As the series progresses, its tone grows darker. The final two episodes leave behind the biting farce and dive into a more symbolic, even spiritual realm, with witches, visions, and ominous silences. These elements don’t land as well as the earlier comedy, and the shift in register feels jarring. But Menem is never truly concerned with rigorous political analysis. In fact, the show frequently breaks the fourth wall to remind viewers — especially international audiences — that much of what they’re seeing is exaggerated, fictionalized, or flat-out surreal.

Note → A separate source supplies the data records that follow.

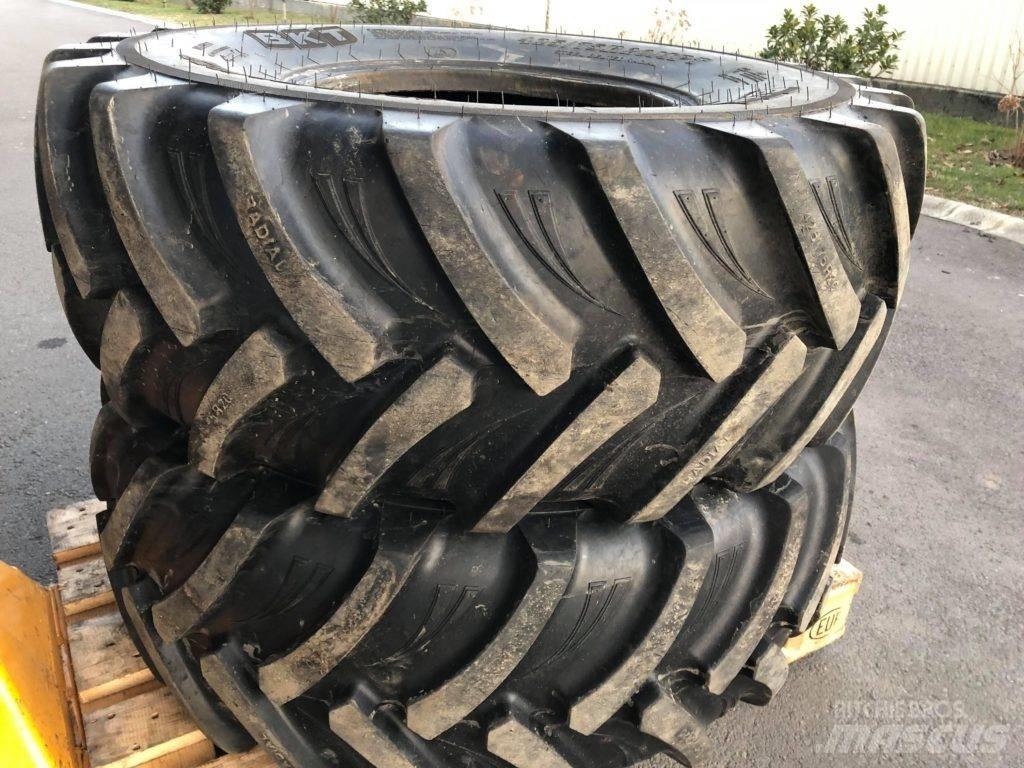 BKT 425/75R20 Pneumatiky, kola a ráfky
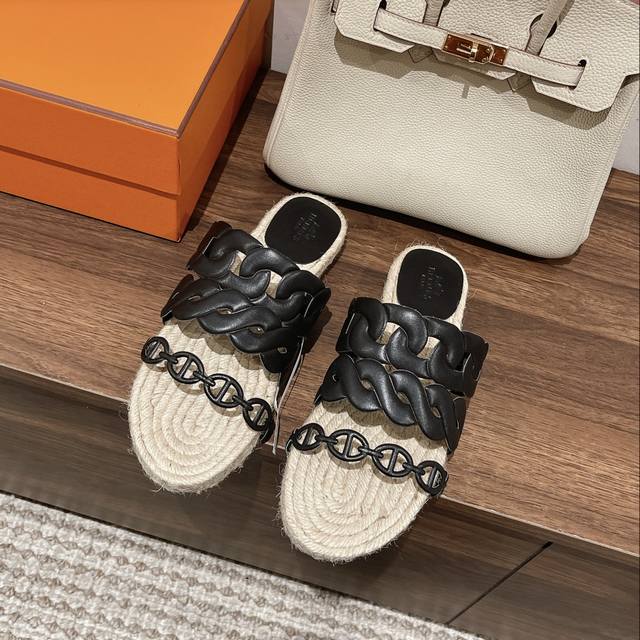 Hermes 爱马仕Gwen草编鞋系列 时尚又百搭 超级舒服 每个细节都做到极致 原版1:1独家私模猪鼻子鞋面 原版私模鞋跟 原版意大利真皮大底 Size：35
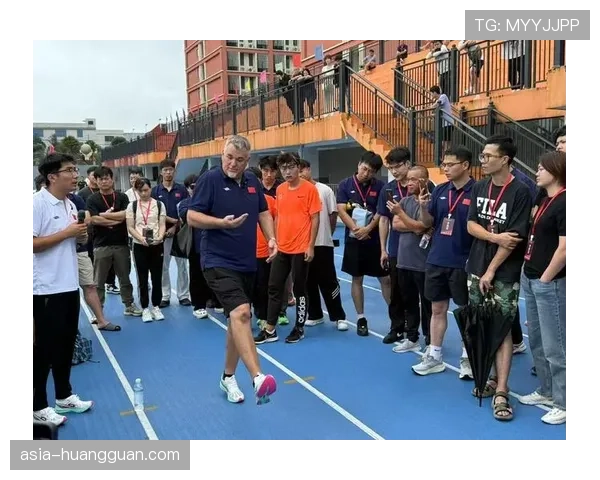 特写：业余联赛引入德甲定位球训练方法，基层教练参加足协专项培训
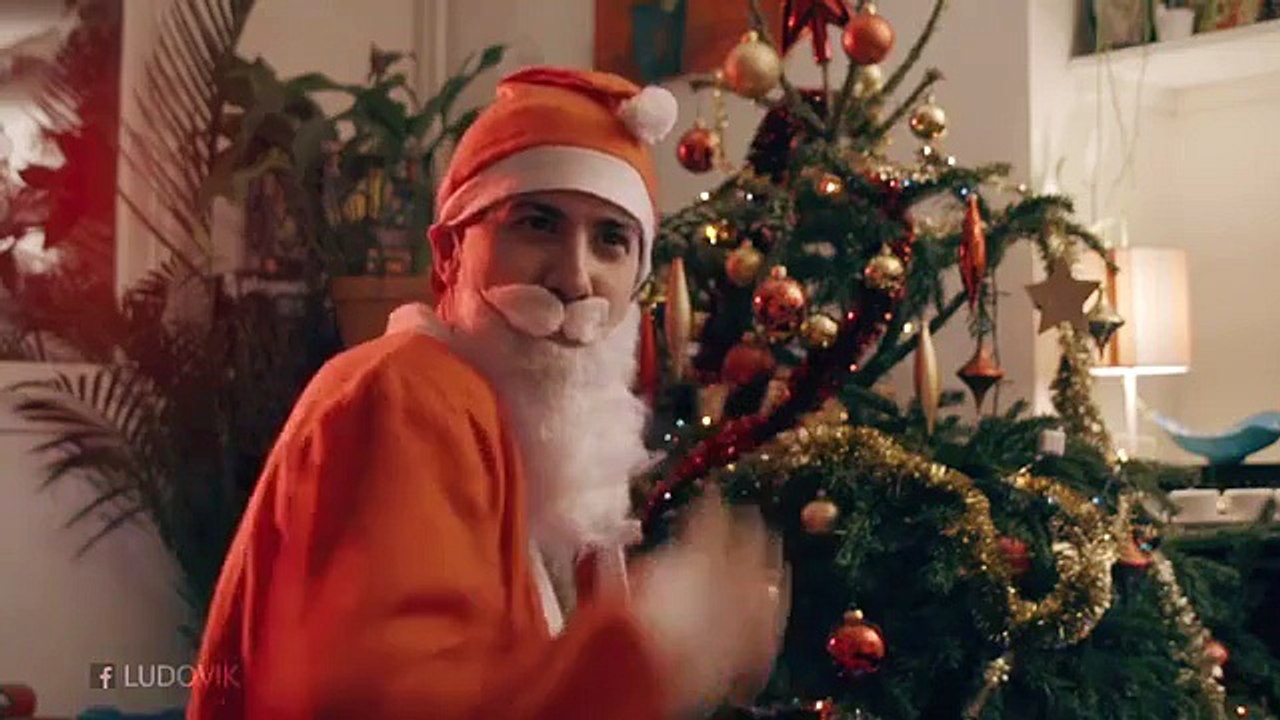 Le Père Noël est un sadique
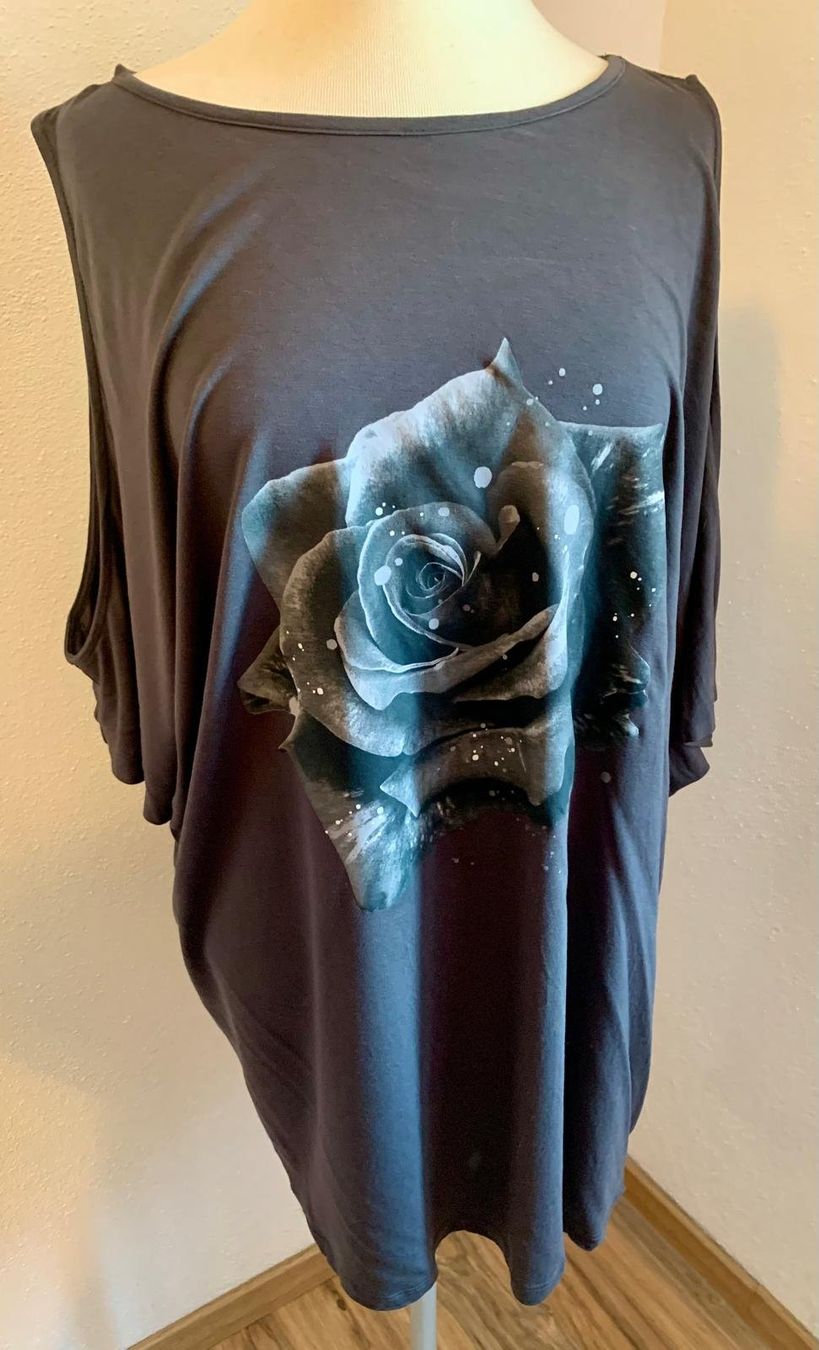 T-Shirts: Schwarzes Cold-Sholdershirt mit Rosenprint – Neu (gemäss Beschreibung) aus Münchwilen TG von Caroline_T. 1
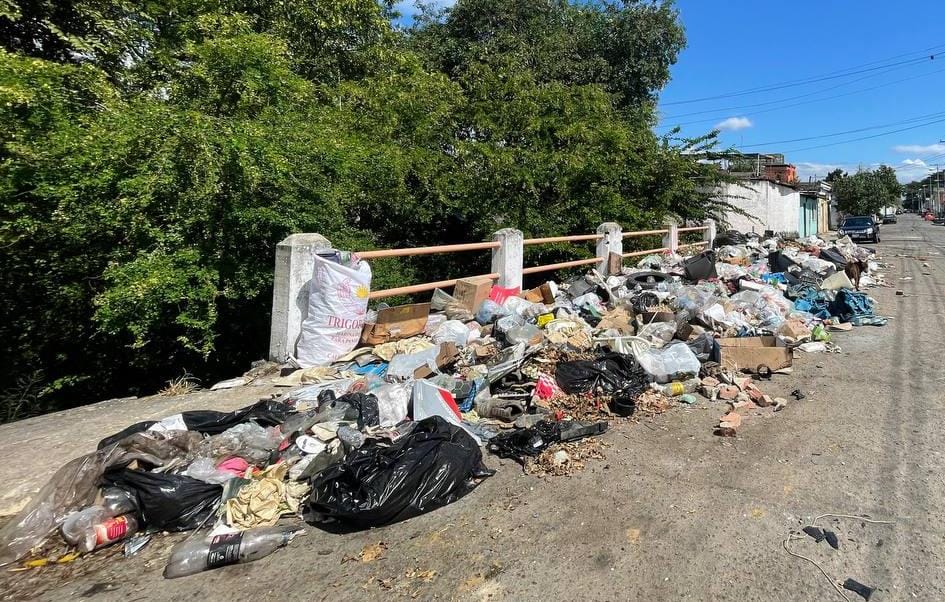 “Cada esquina” de Maracay se ha convertido en un basurero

That, too, is part of the protective logic of the series: by cloaking the facts in satire and irony, it avoids legal trouble while capturing a deeper emotional truth.

Where Menem excels is in its portrait of the man himself: a master manipulator, a seducer of crowds, a politician who always said what people wanted to hear — and then did whatever he pleased. The “pizza and champagne” era of Argentine excess is depicted in all its gaudy, grotesque glory: the parties, the models, the absurd wealth, the willful detachment from reality. When the series loses sight of this carnivalesque tone, it also loses some of its energy.

It’s difficult, of course, to incorporate national tragedies like the AMIA bombing into a story that plays so often for laughs. But even in its clumsy handling of these events, Menem — created by Winograd and Mariano Varela — offers glimpses of a darker undercurrent. Beneath the charm and bravado, we begin to sense a more dangerous figure. A political illusionist. A man whose charisma concealed a void.

Ultimately, Menem is not meant to be taken as a political lesson. More than once, it reminds us that events may not have happened this way — or at least not exactly. But as a portrait of a time, a persona, and a particular brand of Argentine spectacle, it is wildly effective. That it was filmed before Javier Milei’s rise to power makes it feel strangely prophetic. Without meaning to, Menem now plays like a prequel to a future series that will one day revisit our own era — one just as absurd, excessive, and even more ominous.